WLHS “Green and Gold” yearbook places ninth at the National Journalism Convention

Eight student participants bring home a record seven national honors

WLHS journalism won an  unprecedented eight awards at the National Scholastic Press Association’s National Journalism Convention, including ninth place in the “Best in Show” yearbook competition. Attendees included Isabella Cao, sophomore, Andi Casad, junior, and Kate Walters, sophomore, Ann Breyne, Journalism Adviser, Brooke McKelvey, freshman, Rameen Ali, sophomore, Jake Nielson, freshman, Zach Steinberg, junior, Noah Clark, junior, and Glenn Krake, Yearbook Adviser.

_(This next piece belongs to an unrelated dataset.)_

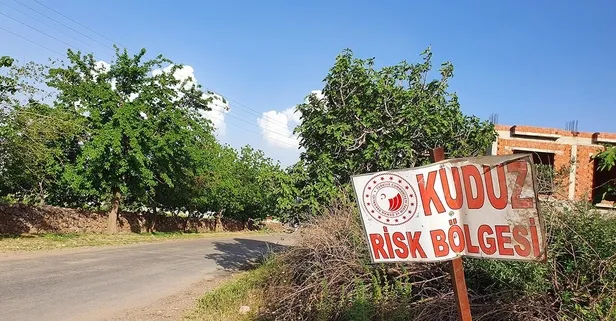 Artvin’de kuduz karantinası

WLHS journalism won an unprecedented eight awards at the National Scholastic Press Association’s National Journalism Convention, including ninth place in the “Best in Show” yearbook competition. Attendees included Isabella Cao, sophomore, Andi Casad, junior, and Kate Walters, sophomore, Ann Breyne, Journalism Adviser, Brooke McKelvey, freshman, Rameen Ali, sophomore, Jake Nielson, freshman, Zach Steinberg, junior, Noah Clark, junior, and Glenn Krake, Yearbook Adviser.

At the National Journalism Convention in Denver, Colo., Brooke McKelvey, freshman, sauntered into a vast ballroom of 100-150 journalism students, editors and editors-in-chief, poised with pens and pads in hand. McKelvey was registered to compete in the News Writing competition, which is among the convention’s most prestigious, according to Glenn Krake, English teacher and Yearbook adviser. The West Linn High School journalism team was informed the next day that McKelvey won an Honorable Mention, and they “went ballistic.”

“She was going up against editors and seniors who are editors-in-chief of their newspaper staffs who have been doing it all their career,” Krake said, “and she wins an Honorable Mention. As a freshman. Unbelievable.”

McKelvey brought home one of eight total awards through competitions like Sports Writing, On-Air Reporting and Broadcast News Writing. In the “Best of Show” competition for yearbook, yearbook staffs submit their most recent book for critique and placement. WLHS’s Green and Gold placed ninth in this competition.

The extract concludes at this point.